Bela yang awalnya berniat menjawab langsung berhenti ketika seseorang masuk dan menyela. Dengan cepat, pandangnanya beralih ke asal suara, mendapati sang ibu mertua tengah berdiri di pintu masuk dengan tatapan lekat dan bibir tersenyum lebar.
"Benita," gumam Sintia, mengulas senyum canggung. Dia takut jika ucapannya akan membuat wanita tersebut marah.
Benita yang mendengar panggilan Sintia hanya bungkam. Kakinya mulai melangkah masuk, mendekat ke arah Sintia dan Bela. Manik matanya bahkan tidak beralih sama sekali, terus memperhatikan keduanya. Hingga dai berhenti di depan Bela, semakin mengulas senyum lebar.

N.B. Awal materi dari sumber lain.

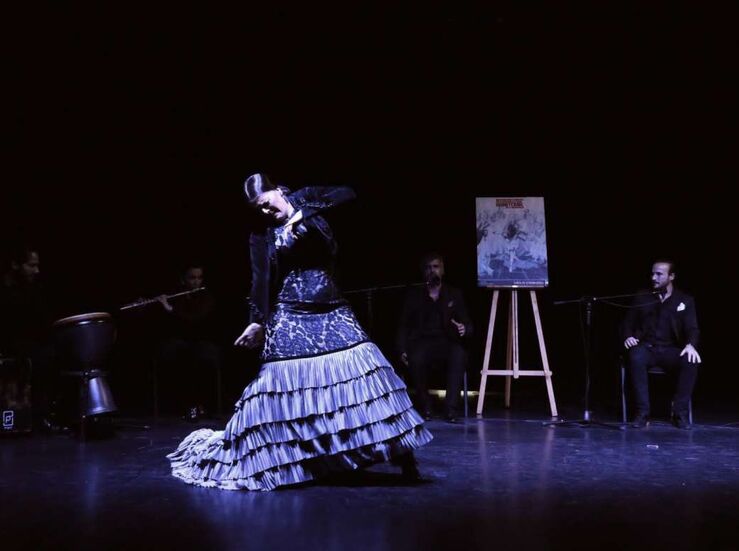 Mrida celebra los 10 aos de la declaracin del Flamenco como patrimonio inmaterial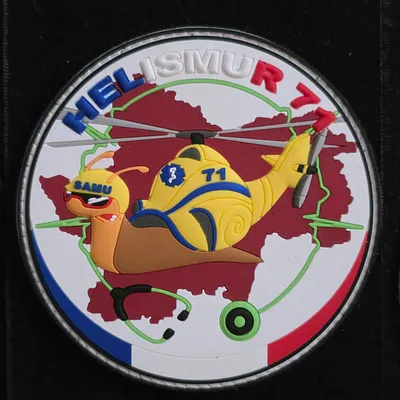 HéliSMUR 71 Chalon-sur-Saône 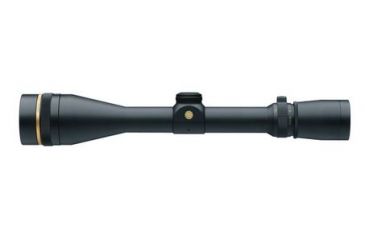 Image of Leupold VX-3 4.5-14x40mm Adjustable Objective CDS Rifle Scope,Matte,Wind-Plex Reticle 120604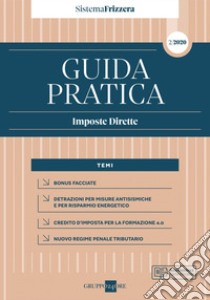 Guida pratica fiscale. Imposte dirette 2020. Vol. 2 libro di Studio Associato CMNP (cur.)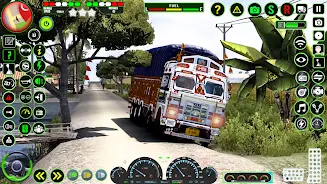 indian truck simulator 3d  Screenshot 8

Tangannya bahkan mulai terulur, mengelus pelan pipi Bela.
"Akhirnya kamu menjadi menantuku, Bela," ucap Benita dengan suara lembut.
Bela yang mendengar langsung mengerutkan kening dalam. "Maksud Tante?" tanya Bela, tidak mengerti dengan apa yang baru saja Bela katakan.
Bukankah hubungan Jessica dan Naga begitu direstui? Terus, kenapa mamanya mengatakan seperti itu, batin Bela dengan penuh tanya.
Benita yang tahu kebingungan Bela dan Sintia mulai menarik napas dalam dan membuang perlahan. Pandangannya mulai beralih, menatap keduanya secara bergantian. Hingga dia memilih menarik tangan dan merangkul Bela, membuat Sintia semakin bingung.
"Maafkan aku, Sintia. Sebenarnya bukan aku tidak mau menerima hubungan Jessica dan Naga. Hanya saja, waktu itu aku melihat dia bersama dengan pria lain sebelum anakku dan dia bertunangan. Jadi, aku tidak menyukai Jessica dan benar-benar tidak merestui Naga menikah dengan putri kamu. Aku malah berharap jika Bela yang menjadi istri Naga. Maaf sekali lagi karena aku yang memang tidak bisa menerima putri kamu," ucap Benita jujur, membuat Sintia dan Bela yang mendengar terkejut.